As an example, assume that a customer comes into the insured’s hardware store to purchase a lawn mower. While checking the equipment in the store, the customer is injured by a mower blade. The liability of the store owner for the occurrence would not come under the products-completed operations hazard, but under the basic policy. However, if the insured had delivered a lawn mower to the customer’s home and left it for the customer to try out, and a defect in the equipment caused an accident, the products-completed operations hazard would apply to the loss, even though the customer had not paid for the item, and it was still legally the property of the merchant.

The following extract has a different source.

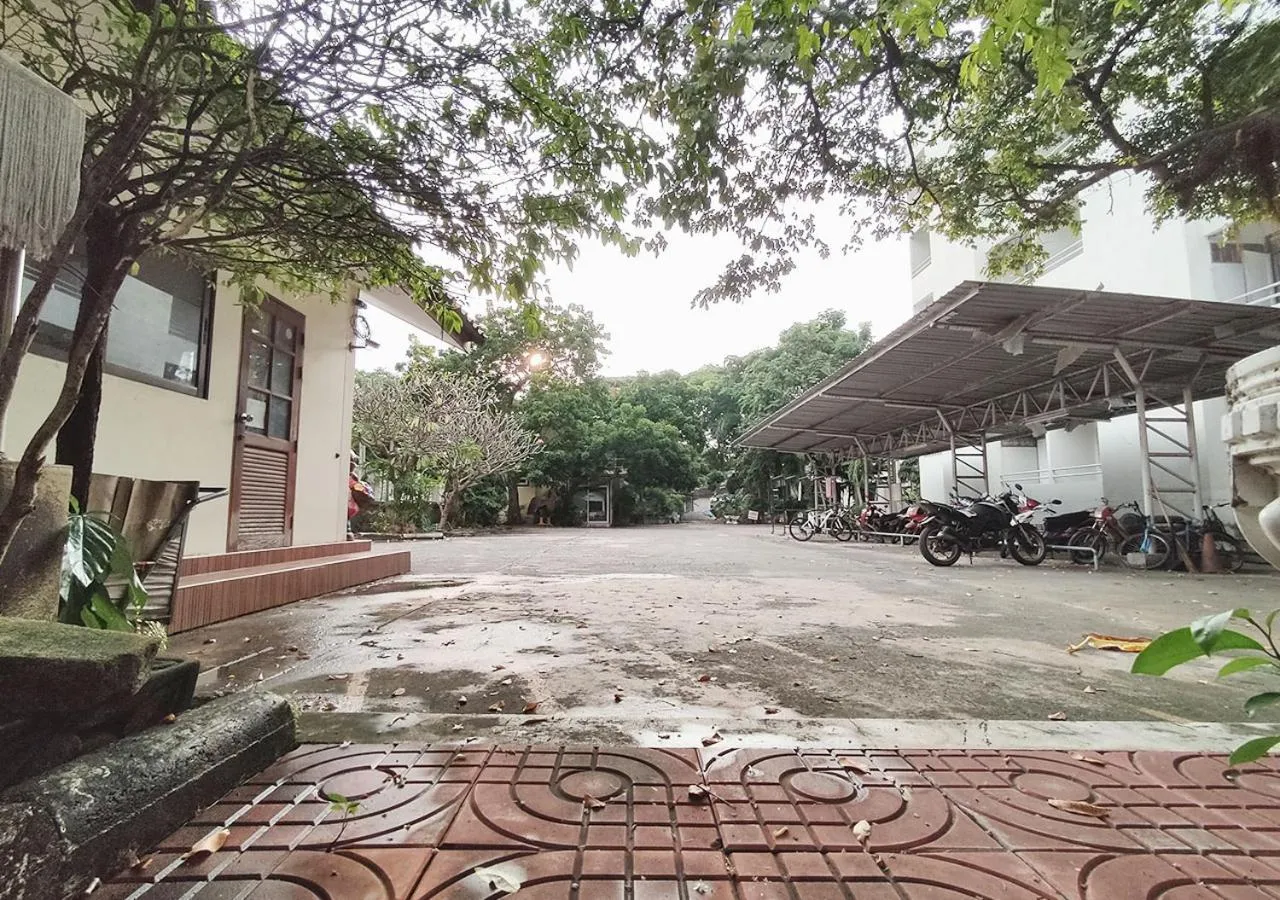 Facade/entrance in Jaroonwej Bangsaen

By the same token, if an insured contractor is working for a customer at the customer’s premises but has not completed the contracted-for work, and an accident arises out of a condition in the work that the client contends is the liability of the contractor, the occurrence would not come within the products-completed operations hazard. If, on the other hand, the work had been completed and sometime later an accident occurred, which was claimed to be due to the faulty work of the contractor, the latter’s policy would respond under the products-completed operations hazard coverage.

Completed Work
The policy states that the insured’s work is considered to be completed at the earliest of the following:

  • When all of the work called for in the insured’s contract has been completed
  • When all the work called for at a particular site has been completed, even though the contract still calls for work at other sites
  • When that part of the work at a site has been put to its intended use by any person or organization other than another contractor working at the same site

Work that may need service, maintenance, correction, replacement, or repair, but is otherwise complete, is treated as complete.